Tentu kadar dan bobotnya berbeda dengan Umar Bakrie, guru yang bergaji kecil namun tetap setia dengan pengabdiannya. Nasionalisme Arcandra Tahar juga tak bisa disamakan dengan Ngadinu, tukang becak di Solo yang mengaku pernah menempeleng pemuda rakyat di tahun 1965.
Bicara masalah nasionalisme dan patrotisme, tentu akan panjang dan menyita energi kita. Ahh persetan dengan nasionalisme, ahh masa bodo dengan patriotsime, toh kewarganegaraan tidak ditanyakan malaikat maut saat kita meninggal, misalnya. Ok, aku tidak menyalahkan mereka yang punya pikiran itu, namun aku punya prinsip, bila seseorang telah meng-apply kewarganegaraan asing, bersumpah setia terhadap negara asing itu, maka yang bersangkutan tentu tak mau ambil pusing dengan apapun yang terjadi di Indonesia. Ia tentu saja lebih concern dengan Negara ‘barunya’ tempat ia mencari makan dan hidup. Tempat dimana ia menghabiskan waktu dan hidupnya. Indonesia? Nanti dulu.
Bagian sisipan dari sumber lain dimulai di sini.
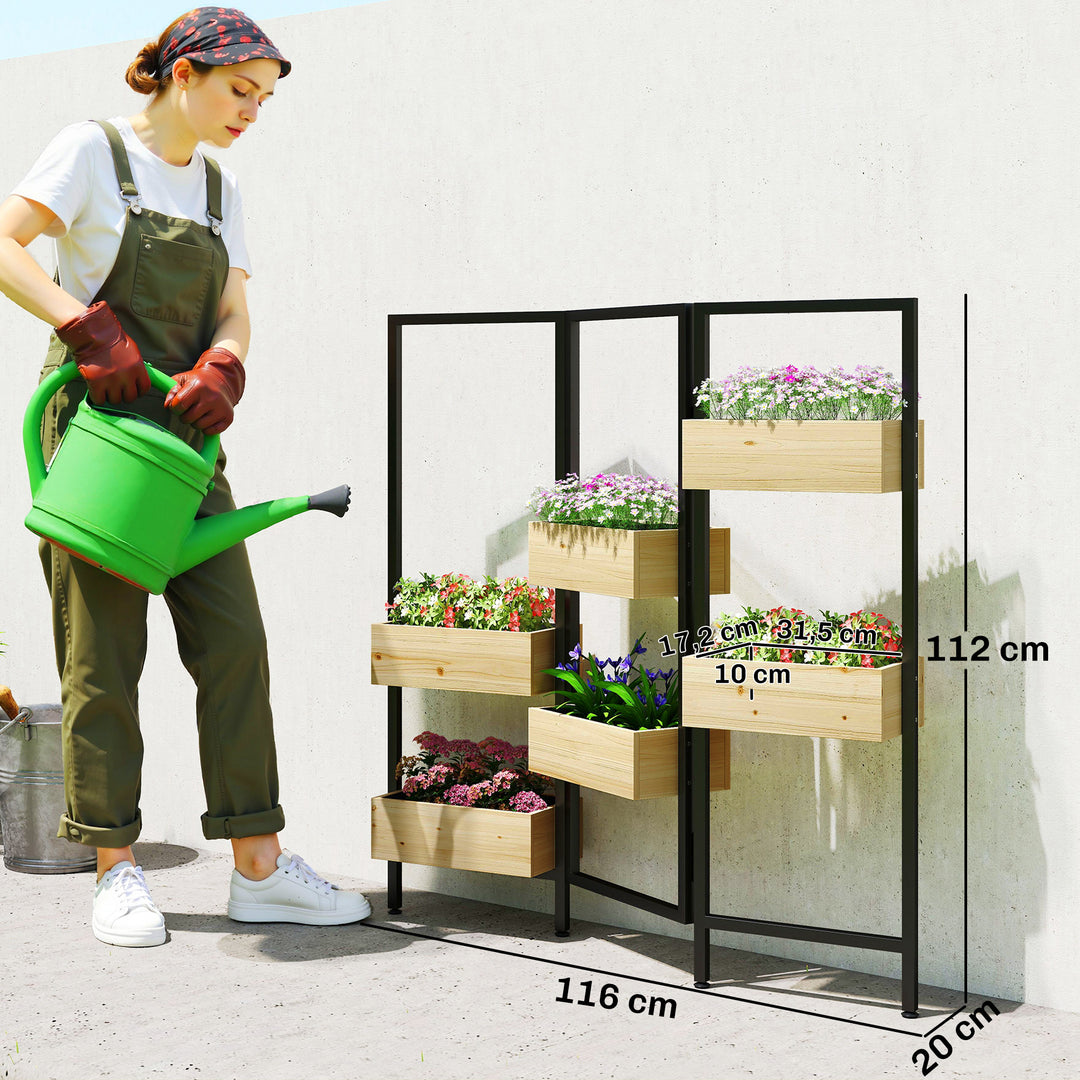 Blomsterkasse med afskærmning, højbed med foldbart espalier, 6 plantekasser med drænhuller, stål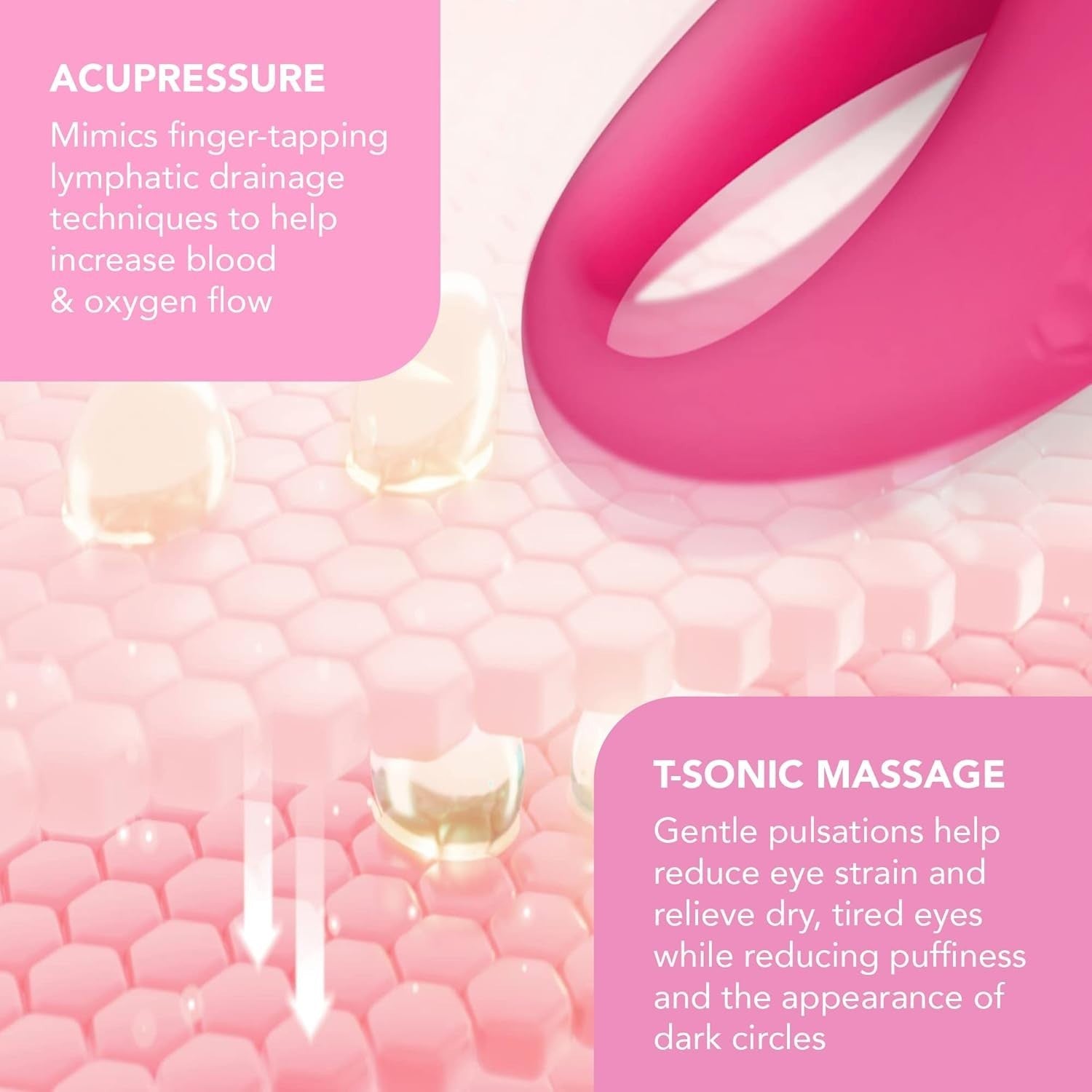 T-Sonic Eye Massager Lymphatic Drainage Dark Circles Pink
Kenapa aku bisa pada kesimpulan itu karena dengan ia menjadi WN (asing) Amerika, misalnya, maka ia dapat menentukan kebijakan dan arah politik Bangsa Amerika dengan ikut pemilu misalnya. Lalu untuk apa pula seseorang bersusah payah menjadi WN (Asing) Amerika bila dengan status PR saja ia sudah mendapatkan segalanya di Amerika.Â
Toh, cukup dengan status PR saja, kewarganegaran Indonesia-nya tak kan hilang. Lalu di mana letak kepeduliannya terhadap Indonesa bila –mungkin- saja ia tidak memilih presiden Indonesia, karena paspornya otomatis hangus akibat kebijakan dari UU Nomor 12/2016. Namun, terlepas dari apapun motif dan tujuannya, di mataku bagi seseorang yang sudah (pernah) menjadi WN Asing, tentu tak lah elok untuk dilibatkan membicarakan nasib dan masa depan (kemajuan) Indonesia ke depan.